Wednesday, February 25, 2015

On Literary Theory, and a New Poem



 I came across the following by way of the excellent online journal Numéro Cinq (full disclosure: I am an adviser to the magazine, which is edited by my good friend Douglas Glover, a superb Canadian fictionist and essayist –see, most recently, his remarkable story collection, Savage Love). Here is a comment by one Paul Bowes, of whom I know nothing save that he echoes many of my own sentiments. Mr. Bowes is responding to an article in The Guardian (U.K.) called "In theory: the death of literature," by Andrew Gallix.

In critical circles, ... (an argument) seems to depend increasingly on placing excessive weight on the 'symptomatic' significance of essentially minor writers such as Blanchot, whose reputation in the anglophone world as an important fictionist I find to be simply undeserved. (His non-fiction may be another matter.)

The recent literary-theoretical attention to Blanchot seems to me to have a lot more to do with the academy's perennial need to find new fodder for theorising - and to make careers for young entrants to a well-worked-over field - than any inherent merit in the writer. Theory will always be more fascinated by notions like 'belatedness' and 'exhaustion', because by implication they magnify the status of theory in relation to creative work. In readings of 'thin', 'exhausted' literature, the theorist is usually doing - and can be seen to be doing - more creative work than the original writer.

I also find arguments of this type curiously olde-fashioned, even Whiggish. They all seem to assume that 'literature' has a guiding spirit, and that its history is always moving towards the realisation of some final predestined form. But curiously, no matter which book or writer or era one chooses as the 'last book' or 'final author' or 'terminal epoch', actual literature has the bad manners to pay no attention, and persists in appearing in new forms.

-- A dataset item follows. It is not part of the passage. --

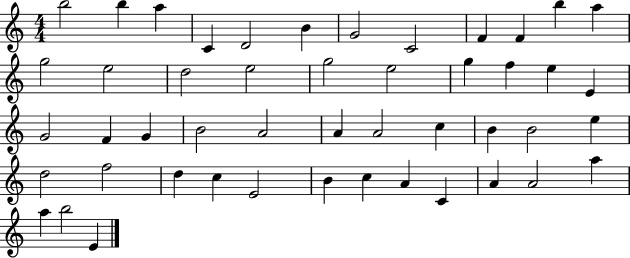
B5/h B5/q A5/q C4/q D4/h B4/q G4/h C4/h F4/q F4/q B5/q A5/q G5/h E5/h D5/h E5/h G5/h E5/h G5/q F5/q E5/q E4/q G4/h F4/q G4/q B4/h A4/h A4/q A4/h C5/q B4/q B4/h E5/q D5/h F5/h D5/q C5/q E4/h B4/q C5/q A4/q C4/q A4/q A4/h A5/q A5/q B5/h E4/q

The worst thing about these ideas is the authoritarian way in which they seek to take control of, and foreclose on the future. Where is literature going? These people don't know, any more than the rest of us, and their notions are essentially polemical rather than diagnostic.

Amen and amen.

The following new poem takes its impetus from the coldest Vermont winter I can recall in years and years. The temperature dipped to 30 below two nights ago, and has gone below zero every night for weeks. When the weather is thus frigid, however, the beauty of the woods and mountains is, as the poem implies, indescribable:


          Keeping At It at 20 Below



It’s too cold for me to stay out long at my age,

So I trek the half-mile road below our shed,

Its earth deep-hidden beneath the white.

Far east, Black Mountain shows up, razor-edged

On a sky full of crystals. My boots on frigid ground

Cheep so loudly that with my old guy’s ears

I can’t right off discern another sound:



Pine siskins in their scores. They wheeze from every

Evergreen in sight. I used to plow

On snowshoes through powder, hour on hour.

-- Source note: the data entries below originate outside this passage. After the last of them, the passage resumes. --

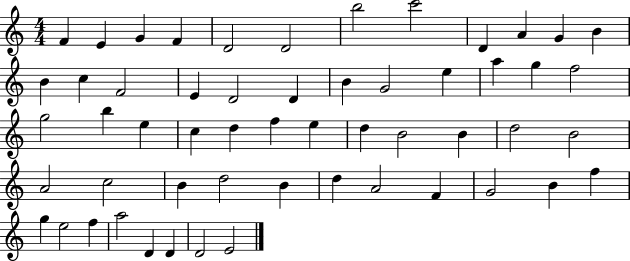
X:1
T:Untitled
M:4/4
L:1/4
K:C
F E G F D2 D2 b2 c'2 D A G B B c F2 E D2 D B G2 e a g f2 g2 b e c d f e d B2 B d2 B2 A2 c2 B d2 B d A2 F G2 B f g e2 f a2 D D D2 E2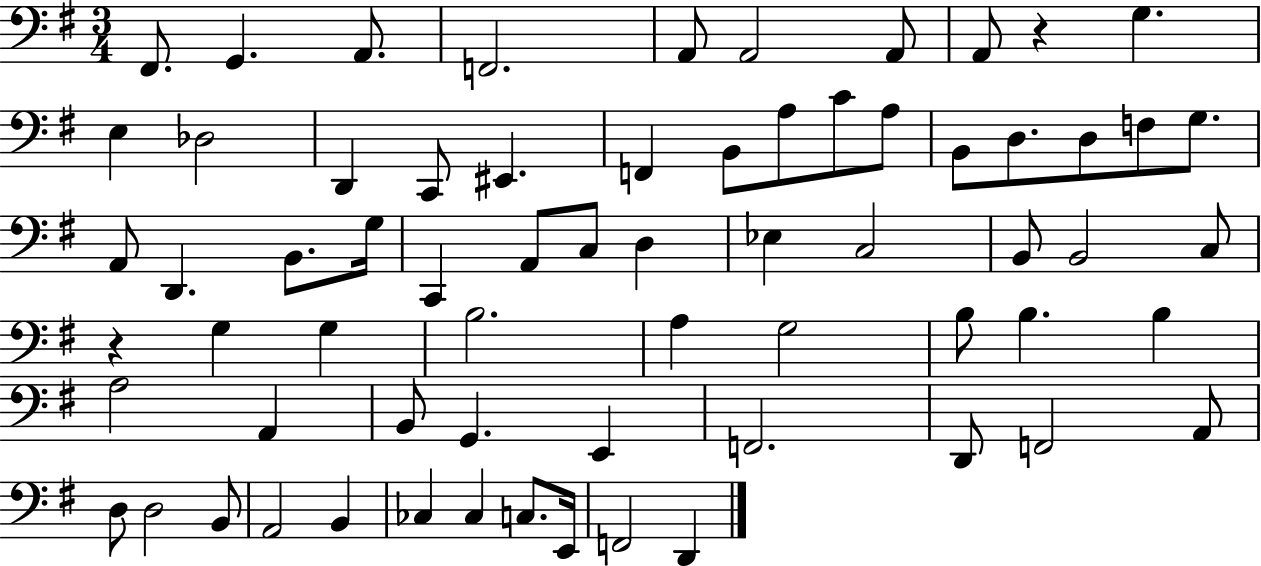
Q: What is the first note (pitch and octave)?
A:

It shames me to say the notion scares me now.

Still it’s hard to keep with wistfulness when air

Keeps glittering so, and creatures no bigger than thumbs

Keep at it, cheerful, determined. Each bird tears



At bough-tips, feeding and chanting. I focus on one

That doggedly worries the tip of a spruce-cone, eats,

Then flits away.

                                                               Beyond the bird,

Beyond the emerald tree in which it sat,

Beyond the outlying mountain– well, what passes

Even beyond bright air, and who might sense it?

Not I.  It’s birdsong that prompts such opening phrases.



Beyond all this, let time complete my sentence.